┌─ WORKING DATA
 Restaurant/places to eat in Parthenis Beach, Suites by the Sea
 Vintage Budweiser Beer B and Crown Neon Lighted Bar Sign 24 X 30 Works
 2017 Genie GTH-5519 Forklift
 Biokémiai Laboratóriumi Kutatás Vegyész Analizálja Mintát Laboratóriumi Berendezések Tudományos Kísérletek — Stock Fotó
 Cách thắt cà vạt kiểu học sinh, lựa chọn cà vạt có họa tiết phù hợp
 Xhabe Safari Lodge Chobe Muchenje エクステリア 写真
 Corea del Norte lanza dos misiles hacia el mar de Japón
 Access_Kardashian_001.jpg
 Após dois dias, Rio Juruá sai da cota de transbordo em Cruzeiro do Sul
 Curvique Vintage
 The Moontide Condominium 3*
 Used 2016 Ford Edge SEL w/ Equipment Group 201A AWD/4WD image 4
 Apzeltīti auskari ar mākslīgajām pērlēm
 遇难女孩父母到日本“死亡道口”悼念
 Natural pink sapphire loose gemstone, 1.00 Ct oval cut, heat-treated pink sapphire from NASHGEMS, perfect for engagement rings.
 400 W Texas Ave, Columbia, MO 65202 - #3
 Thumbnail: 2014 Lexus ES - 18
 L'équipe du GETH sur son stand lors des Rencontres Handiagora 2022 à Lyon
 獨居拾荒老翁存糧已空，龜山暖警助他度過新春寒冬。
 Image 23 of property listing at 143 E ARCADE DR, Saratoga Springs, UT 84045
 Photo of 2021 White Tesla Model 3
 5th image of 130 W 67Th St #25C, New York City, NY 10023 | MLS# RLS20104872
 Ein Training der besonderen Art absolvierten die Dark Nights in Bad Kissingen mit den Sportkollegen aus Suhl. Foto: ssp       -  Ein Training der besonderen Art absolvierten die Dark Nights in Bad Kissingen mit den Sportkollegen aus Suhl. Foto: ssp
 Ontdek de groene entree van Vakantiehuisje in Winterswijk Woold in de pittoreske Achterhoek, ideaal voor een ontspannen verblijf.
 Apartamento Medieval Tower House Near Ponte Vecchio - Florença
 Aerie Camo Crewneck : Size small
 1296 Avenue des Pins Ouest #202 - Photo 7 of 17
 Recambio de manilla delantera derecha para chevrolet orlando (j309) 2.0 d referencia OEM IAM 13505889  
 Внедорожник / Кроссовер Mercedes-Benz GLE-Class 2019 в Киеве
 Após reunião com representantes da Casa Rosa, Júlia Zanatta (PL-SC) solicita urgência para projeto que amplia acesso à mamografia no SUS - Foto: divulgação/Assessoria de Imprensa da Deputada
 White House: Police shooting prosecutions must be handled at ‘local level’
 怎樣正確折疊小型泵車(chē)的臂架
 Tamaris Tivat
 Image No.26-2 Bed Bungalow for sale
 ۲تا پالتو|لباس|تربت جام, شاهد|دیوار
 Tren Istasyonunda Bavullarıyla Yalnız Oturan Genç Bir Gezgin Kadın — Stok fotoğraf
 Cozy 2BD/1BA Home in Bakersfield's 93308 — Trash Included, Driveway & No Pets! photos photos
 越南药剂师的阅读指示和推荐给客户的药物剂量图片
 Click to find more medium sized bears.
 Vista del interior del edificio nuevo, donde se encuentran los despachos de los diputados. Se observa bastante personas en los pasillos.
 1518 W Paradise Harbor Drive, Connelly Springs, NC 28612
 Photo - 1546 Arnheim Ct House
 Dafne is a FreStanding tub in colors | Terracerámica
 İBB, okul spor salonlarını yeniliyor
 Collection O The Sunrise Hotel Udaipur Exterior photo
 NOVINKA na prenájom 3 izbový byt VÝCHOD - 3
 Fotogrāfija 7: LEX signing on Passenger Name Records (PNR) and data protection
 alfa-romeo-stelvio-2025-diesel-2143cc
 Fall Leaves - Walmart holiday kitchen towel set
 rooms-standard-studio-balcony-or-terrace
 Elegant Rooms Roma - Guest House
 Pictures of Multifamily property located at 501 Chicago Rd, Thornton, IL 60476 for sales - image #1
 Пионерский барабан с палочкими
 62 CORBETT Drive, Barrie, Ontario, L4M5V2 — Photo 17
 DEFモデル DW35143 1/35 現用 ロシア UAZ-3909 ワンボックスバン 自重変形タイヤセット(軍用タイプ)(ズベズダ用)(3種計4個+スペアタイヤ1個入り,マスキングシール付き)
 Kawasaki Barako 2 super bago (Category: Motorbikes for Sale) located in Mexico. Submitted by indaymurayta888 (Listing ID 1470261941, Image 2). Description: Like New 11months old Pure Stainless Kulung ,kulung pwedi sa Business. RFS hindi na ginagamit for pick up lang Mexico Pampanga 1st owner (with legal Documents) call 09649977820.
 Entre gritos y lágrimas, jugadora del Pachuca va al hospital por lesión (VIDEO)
└─
TASK TO COMPLETE: Of the entries listed above, reproduce only the lines starting at the line containing "Thumbnail: 2014 Lexus ES - 18" and ending at the line containing "Dafne is a FreStanding". Include both, exactly as they stand.

ANSWER SPACE:
 Thumbnail: 2014 Lexus ES - 18
 L'équipe du GETH sur son stand lors des Rencontres Handiagora 2022 à Lyon
 獨居拾荒老翁存糧已空，龜山暖警助他度過新春寒冬。
 Image 23 of property listing at 143 E ARCADE DR, Saratoga Springs, UT 84045
 Photo of 2021 White Tesla Model 3
 5th image of 130 W 67Th St #25C, New York City, NY 10023 | MLS# RLS20104872
 Ein Training der besonderen Art absolvierten die Dark Nights in Bad Kissingen mit den Sportkollegen aus Suhl. Foto: ssp       -  Ein Training der besonderen Art absolvierten die Dark Nights in Bad Kissingen mit den Sportkollegen aus Suhl. Foto: ssp
 Ontdek de groene entree van Vakantiehuisje in Winterswijk Woold in de pittoreske Achterhoek, ideaal voor een ontspannen verblijf.
 Apartamento Medieval Tower House Near Ponte Vecchio - Florença
 Aerie Camo Crewneck : Size small
 1296 Avenue des Pins Ouest #202 - Photo 7 of 17
 Recambio de manilla delantera derecha para chevrolet orlando (j309) 2.0 d referencia OEM IAM 13505889  
 Внедорожник / Кроссовер Mercedes-Benz GLE-Class 2019 в Киеве
 Após reunião com representantes da Casa Rosa, Júlia Zanatta (PL-SC) solicita urgência para projeto que amplia acesso à mamografia no SUS - Foto: divulgação/Assessoria de Imprensa da Deputada
 White House: Police shooting prosecutions must be handled at ‘local level’
 怎樣正確折疊小型泵車(chē)的臂架
 Tamaris Tivat
 Image No.26-2 Bed Bungalow for sale
 ۲تا پالتو|لباس|تربت جام, شاهد|دیوار
 Tren Istasyonunda Bavullarıyla Yalnız Oturan Genç Bir Gezgin Kadın — Stok fotoğraf
 Cozy 2BD/1BA Home in Bakersfield's 93308 — Trash Included, Driveway & No Pets! photos photos
 越南药剂师的阅读指示和推荐给客户的药物剂量图片
 Click to find more medium sized bears.
 Vista del interior del edificio nuevo, donde se encuentran los despachos de los diputados. Se observa bastante personas en los pasillos.
 1518 W Paradise Harbor Drive, Connelly Springs, NC 28612
 Photo - 1546 Arnheim Ct House
 Dafne is a FreStanding tub in colors | Terracerámica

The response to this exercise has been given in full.